::: EXERCISE MATERIALS :::

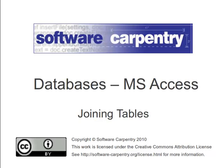Welcome to another episode of the Software Carpentry lecture on databases using Microsoft Access. In this episode, we'll show you how to combine data from multiple tables.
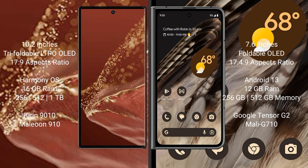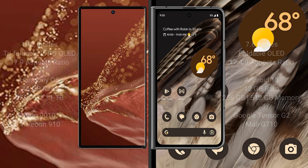Google Pixel Fold comes with 12GB RAM and 256GB or 512GB internal storage. It features the Google Tensor G2 processor with Mali-G710 GPU.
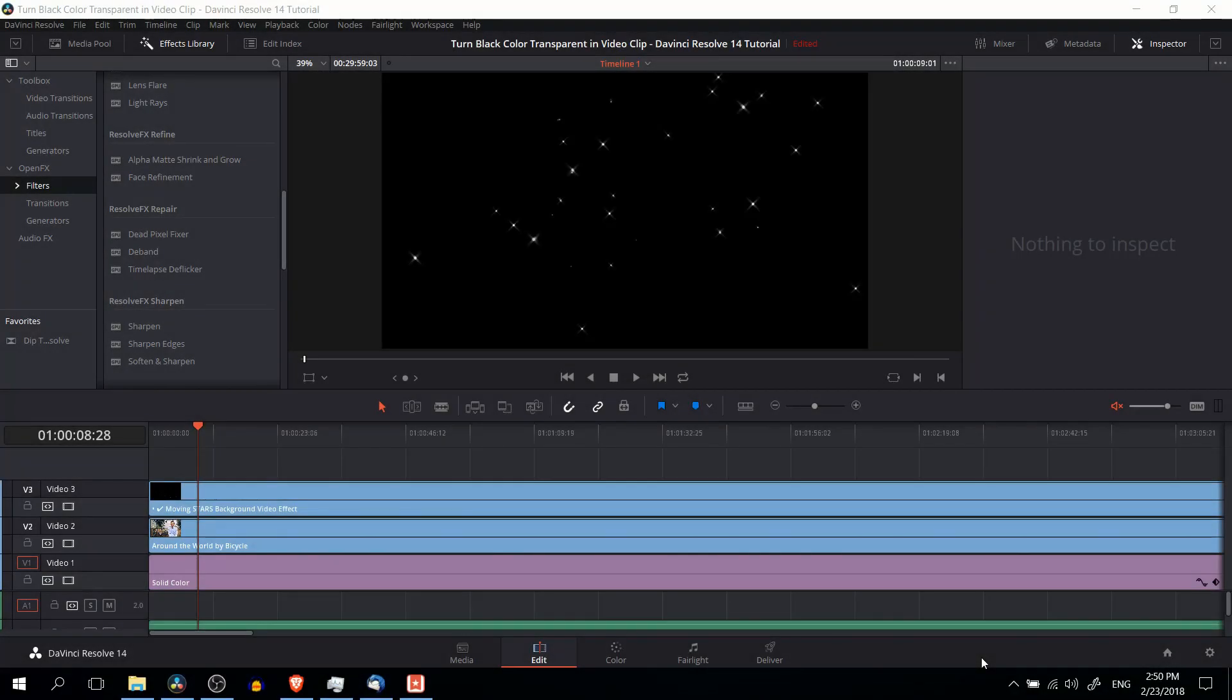Hello everybody, Chris here, and in this video I'm going to be showing you how we can take a background color and filter it out of a video clip.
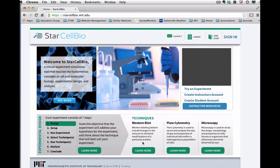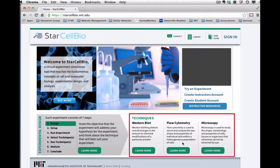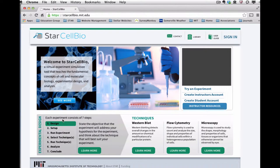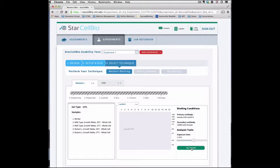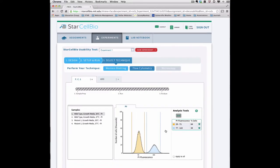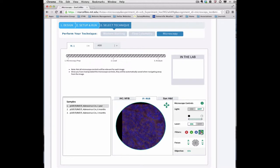The goal of StarCellBio is to enhance student understanding of cell and molecular biology experimental techniques by providing students with the opportunity to design, conduct, and analyze their own simulated experiments using experimental techniques such as western blotting, flow cytometry, and microscopy.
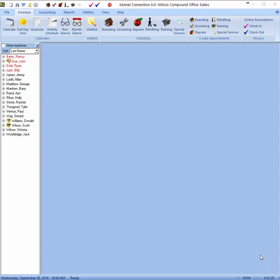Welcome to the Kennel Connection training video on the Special Services module. The Special Services module was designed to facilitate the scheduling of appointments that fall outside the realm of our other modules: boarding, grooming, daycare, pet sitting, and training.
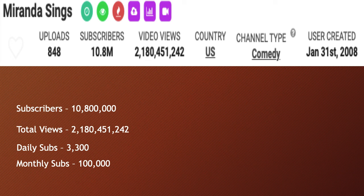She currently has 10.8 million subscribers. Total views is 2 billion 180 million 451 thousand 242. Daily subs is 3,300 and monthly subs is at 100,000.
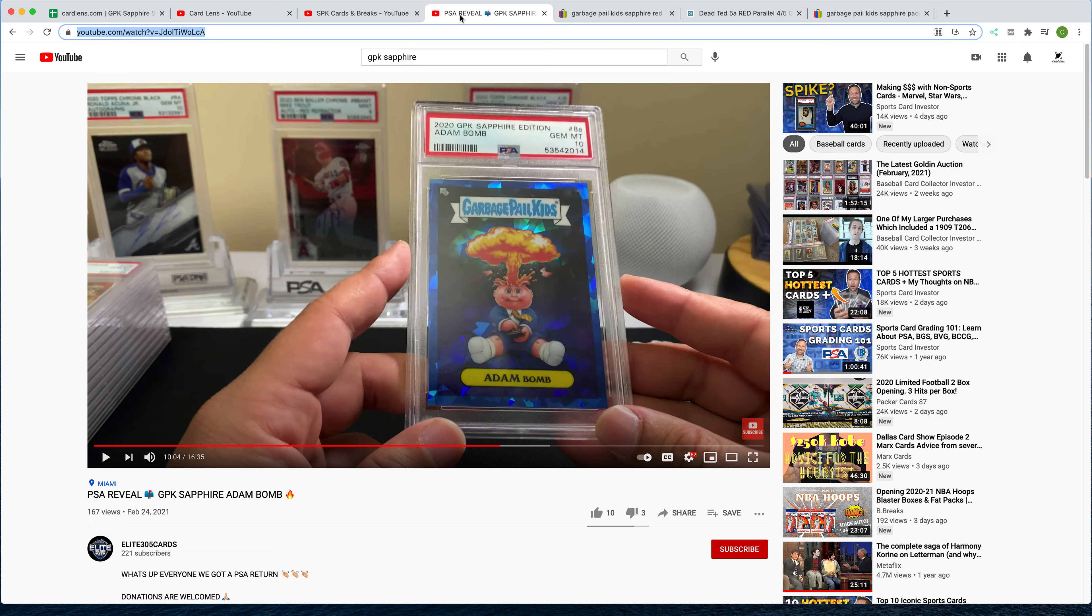My expectation is there's going to be a lot more cards coming back from PSA over the next month, two, three as they get through their backlog. So this will help you appraise, maybe if you want to submit your cards to PSA.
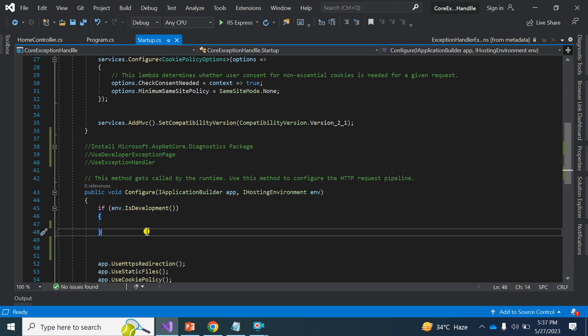Exception handling is a very important and core concept of our application. In our project we have many modules and many pages, so the best way is — anywhere we get an exception, we show the user a friendly custom error message. Whenever we get an exception, we display a custom page with a user-friendly message instead of showing things like stack overflow exception or index out of range, which are good for developers but not for the end user.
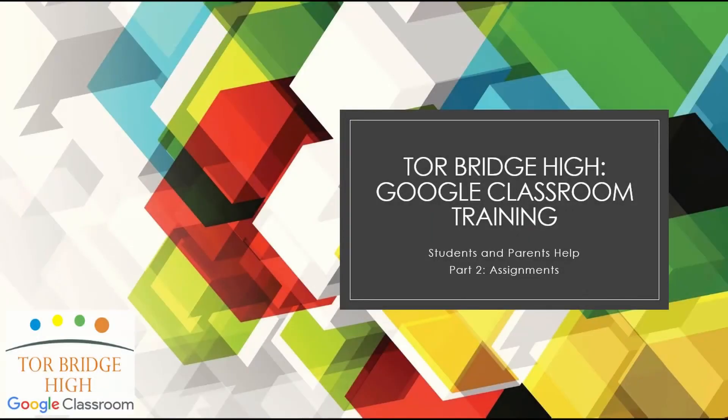Hello and welcome to the second video. It's Mr. Irvine here.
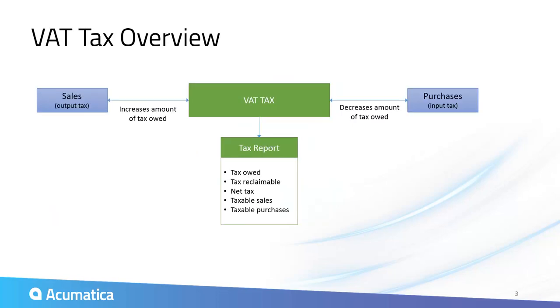Value-added taxes are applied to sales and purchases. The amount of tax owed is the net of tax due from sales and tax paid on purchases. Acumatica calculates the tax and provides reports that meet the reporting requirements of various taxing authorities.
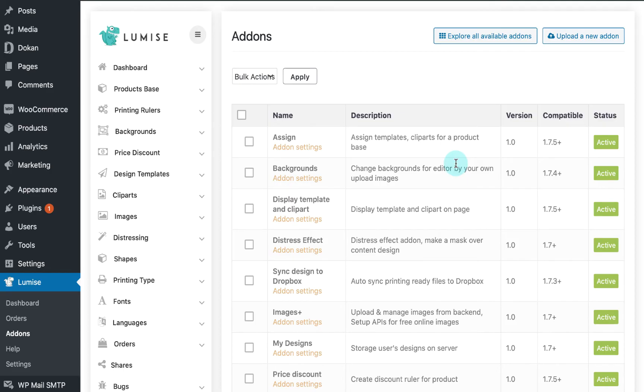Welcome back to Loomis Tutorials add-on bundle series, this is Tommy and today I will give you the tutorials on display template, clip arts and how to use those features in Loomis.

:::

▸ BRIEF: Leaving out the pictures, restate the listing above exactly.

▸ ANSWER TO THE EXERCISE:
Welcome to another episode of the Software Carpentry lecture on databases using Microsoft Access. In this episode, we'll show you how to combine data from multiple tables.
Google Pixel Fold comes with 12GB RAM and 256GB or 512GB internal storage. It features the Google Tensor G2 processor with Mali-G710 GPU.
Hello everybody, Chris here, and in this video I'm going to be showing you how we can take a background color and filter it out of a video clip.
The goal of StarCellBio is to enhance student understanding of cell and molecular biology experimental techniques by providing students with the opportunity to design, conduct, and analyze their own simulated experiments using experimental techniques such as western blotting, flow cytometry, and microscopy.
Welcome to the Kennel Connection training video on the Special Services module. The Special Services module was designed to facilitate the scheduling of appointments that fall outside the realm of our other modules: boarding, grooming, daycare, pet sitting, and training.
She currently has 10.8 million subscribers. Total views is 2 billion 180 million 451 thousand 242. Daily subs is 3,300 and monthly subs is at 100,000.
My expectation is there's going to be a lot more cards coming back from PSA over the next month, two, three as they get through their backlog. So this will help you appraise, maybe if you want to submit your cards to PSA.
Exception handling is a very important and core concept of our application. In our project we have many modules and many pages, so the best way is — anywhere we get an exception, we show the user a friendly custom error message. Whenever we get an exception, we display a custom page with a user-friendly message instead of showing things like stack overflow exception or index out of range, which are good for developers but not for the end user.
Hello and welcome to the second video. It's Mr. Irvine here.
Value-added taxes are applied to sales and purchases. The amount of tax owed is the net of tax due from sales and tax paid on purchases. Acumatica calculates the tax and provides reports that meet the reporting requirements of various taxing authorities.
Welcome back to Loomis Tutorials add-on bundle series, this is Tommy and today I will give you the tutorials on display template, clip arts and how to use those features in Loomis.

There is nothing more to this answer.